_WORK TASK:_ Pictures in the entries below are excluded; copy only the lines from the one containing "Machiavelli Masters Tuscan" to the one containing "Troop 4399 Cookie Bingo Card", both included.

_RECORDS TO USE:_
● ● ● ● ● ● ●
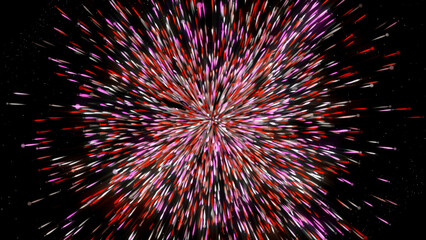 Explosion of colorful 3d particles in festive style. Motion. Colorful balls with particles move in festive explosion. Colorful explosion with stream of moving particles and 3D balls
● ● ● ● ● ● ●
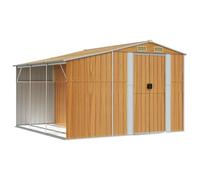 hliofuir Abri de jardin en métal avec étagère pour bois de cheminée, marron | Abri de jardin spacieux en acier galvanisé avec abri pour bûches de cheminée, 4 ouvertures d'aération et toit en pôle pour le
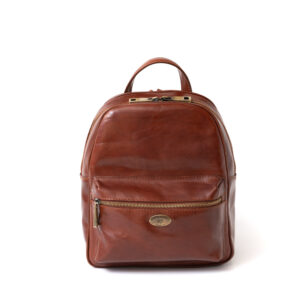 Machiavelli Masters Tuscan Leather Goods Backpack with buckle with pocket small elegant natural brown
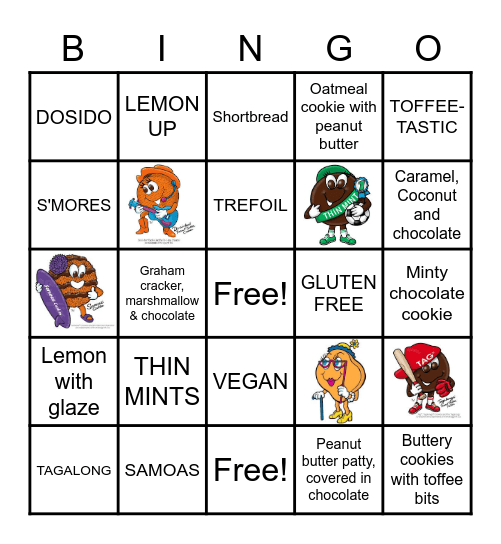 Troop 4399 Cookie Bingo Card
● ● ● ● ● ● ●
_RESPONSE TO THE EXERCISE:_
 Machiavelli Masters Tuscan Leather Goods Backpack with buckle with pocket small elegant natural brown
 Troop 4399 Cookie Bingo Card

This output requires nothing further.